• [Activity]: Nothing but text lines should be duplicated: start with the first line of the listing below and stop after the line holding "Natural bamboo and", omitting pictures.

• [Task material]:
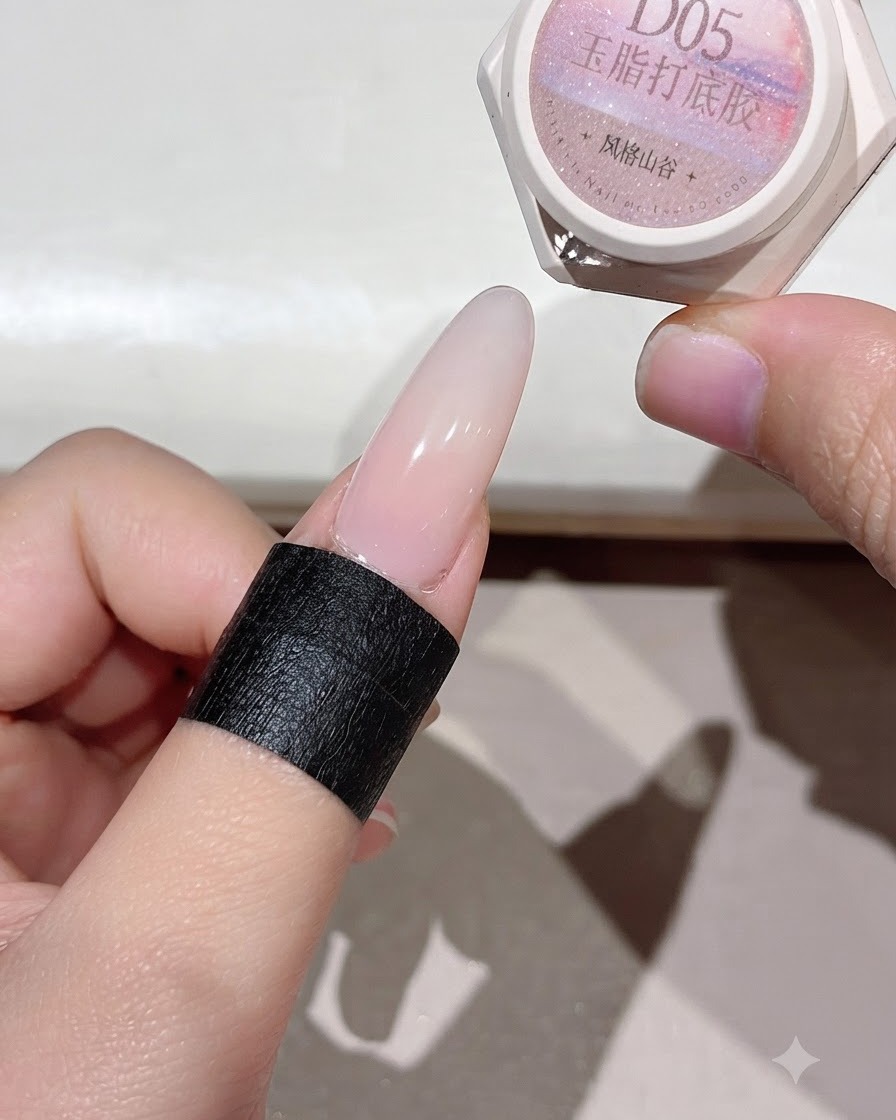 Ununghia polimerizzata che mostra uno strato di base rosato uniforme sotto la luce.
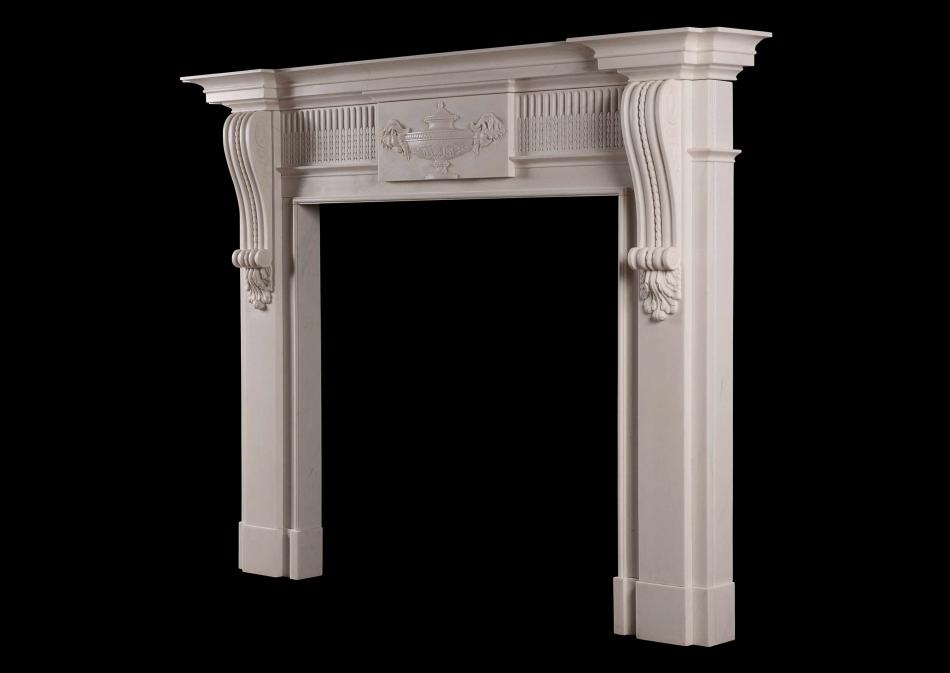A Georgian style white marble fireplace with carved brackets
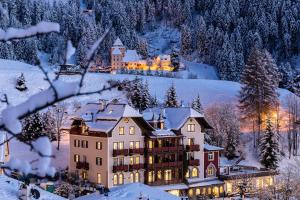 una grande casa nella neve con alberi innevati di Grand Hotel Wolkenstein a Selva di Val Gardena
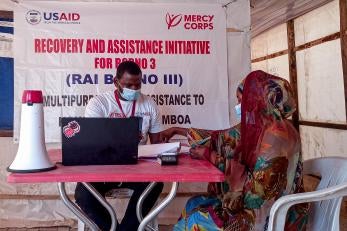 A prosper global team member registering a community member for monthly e-vouchers so she can purchase food for her family.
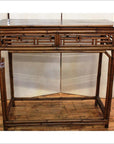 Natural bamboo and lacquer console table with fretwork front on hardwood floor.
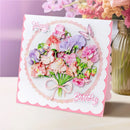 A square birthday card with a pink and white scalloped border, featuring a 3D layered bouquet of pink and purple flowers with green stems, a butterfly, and the words 'Happy Birthday' in pink script. The card is displayed on a light surface next to a glass vase with flowers.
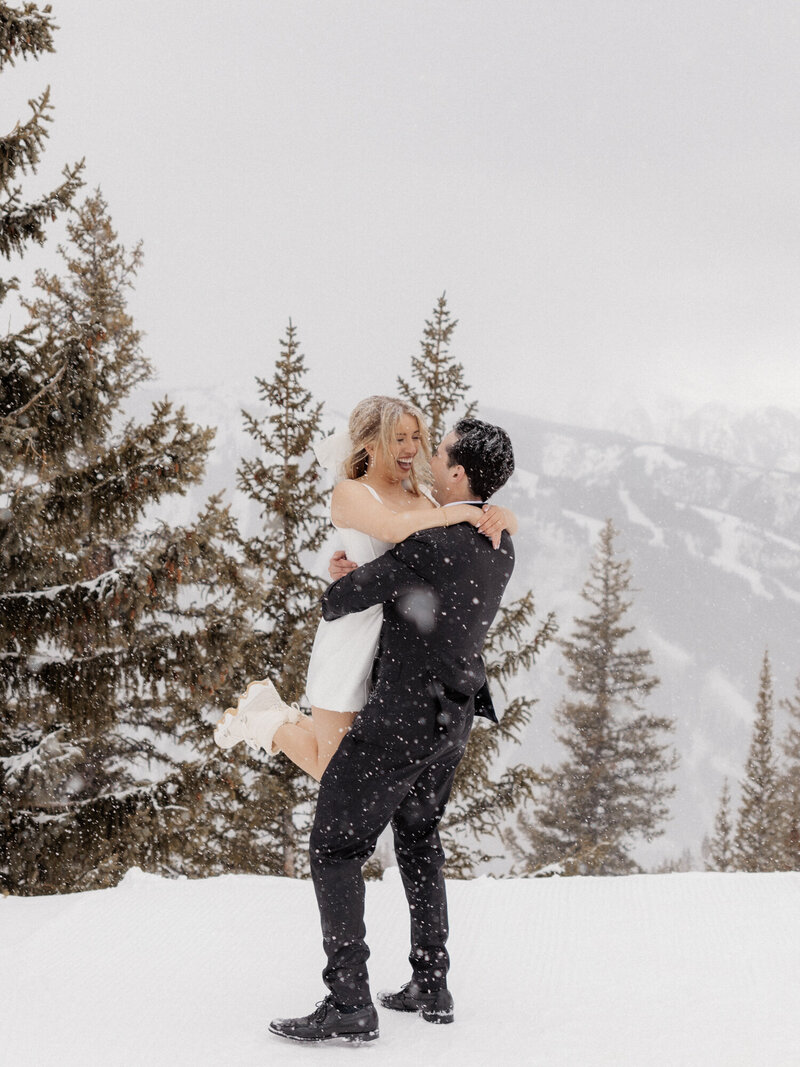 Bride and Groom on a snowy Aspen, Colorado wedding day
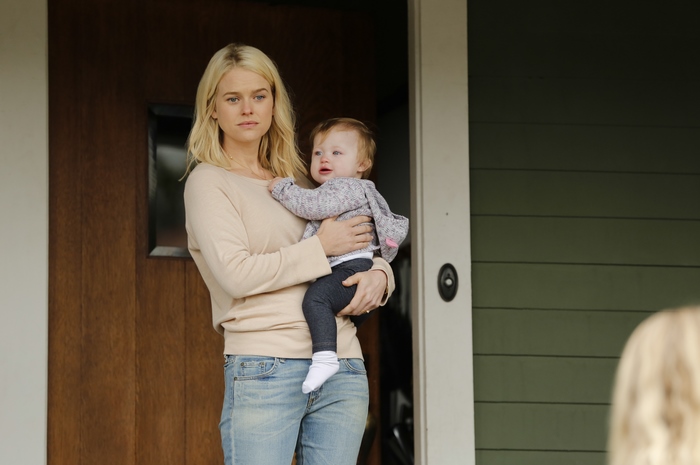 Alice Eve holding a baby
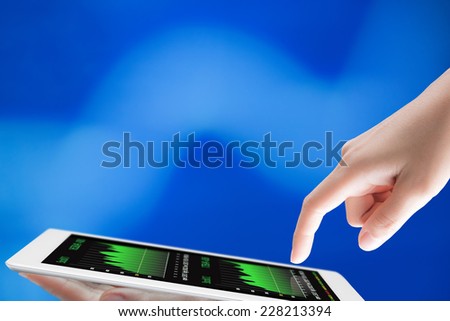 hand hold and tap digital tablet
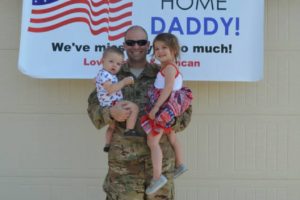 soldier welcomed home with children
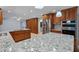 Gourmet kitchen with double islands, stainless steel appliances, and custom cabinets at 902 Marco Ne Dr, St Petersburg, FL 33702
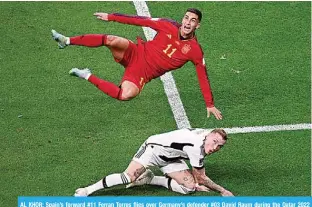  ?? ?? AL KHOR: Spain’s forward #11 Ferran Torres flies over Germany’s defender #03 David Raum during the Qatar 2022 World Cup Group E football match between Spain and Germany on November 27, 2022. —AFP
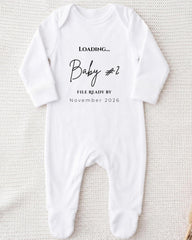 A white onesie with text printed on it, placed on a white background.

• [Exercise output]:
 Ununghia polimerizzata che mostra uno strato di base rosato uniforme sotto la luce.
A Georgian style white marble fireplace with carved brackets
 una grande casa nella neve con alberi innevati di Grand Hotel Wolkenstein a Selva di Val Gardena
 A prosper global team member registering a community member for monthly e-vouchers so she can purchase food for her family.
 Natural bamboo and lacquer console table with fretwork front on hardwood floor.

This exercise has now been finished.